Die Grünen hatten schon im Sommer 2007 im Parlament beantragt, das Gröbenufer zukünftig nach der verstorbenen Berliner Dichterin, Pädagogin und Aktivistin der afrodeutschen Bewegung May Ayim zu benennen. Kritiker hatten das bis zuletzt immer mit dem Argument des unklaren Namensgebers zurück gewiesen.

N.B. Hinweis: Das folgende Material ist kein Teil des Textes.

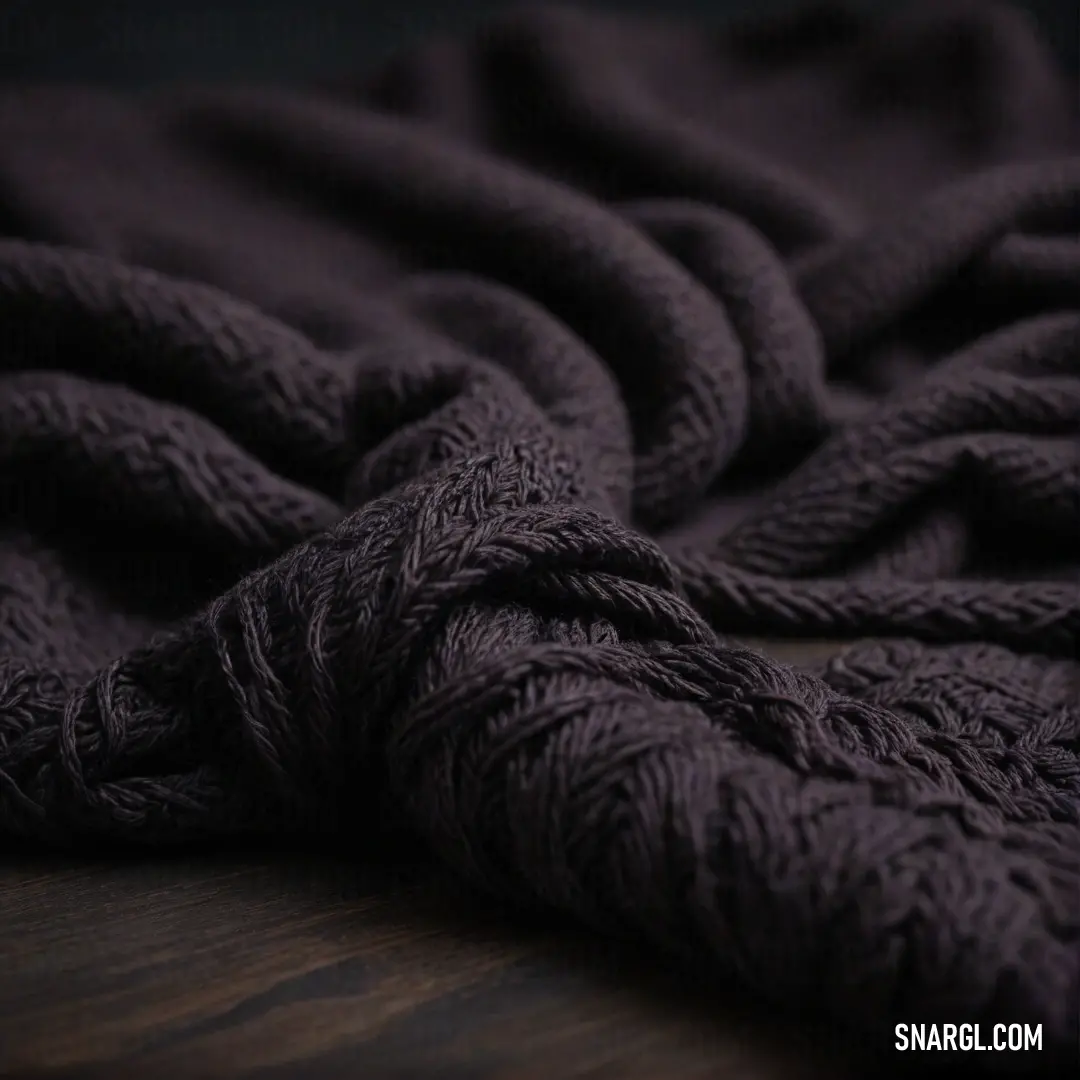 A close-up view of a plush purple blanket sprawled on a wooden floor, contrasted against a dark backdrop, showcasing the multifaceted beauty of CMYK 65,95,9,40 colors in an inviting setting.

„Wir wollen mit der Umbenennung des Gröbenufer in May-Ayim-Ufer nicht Spuren der kolonialen Vergangenheit aus dem Stadtbild tilgen. Wir wollen allerdings die Erinnerungsperspektive umkehren, die kolonialen Bezüge der Uferstraße in einer Ausstellung am Ufer dokumentieren und damit in der einstigen Kolonialmetropole Berlin die Auseinandersetzung mit deutscher Kolonialgeschichte befördern. Die Beschäftigung mit den Auswirkungen der kolonialen Ambitionen und Erfahrungen auf das Selbstverständnis, auf die Gedanken- und Gefühlswelt der deutschen Gesellschaft ist längst überfällig“, sagt Elvira Pichler, kulturpolitische Sprecherin der Grünen-Fraktion und Vorsitzende des bezirklichen Kulturausschusses.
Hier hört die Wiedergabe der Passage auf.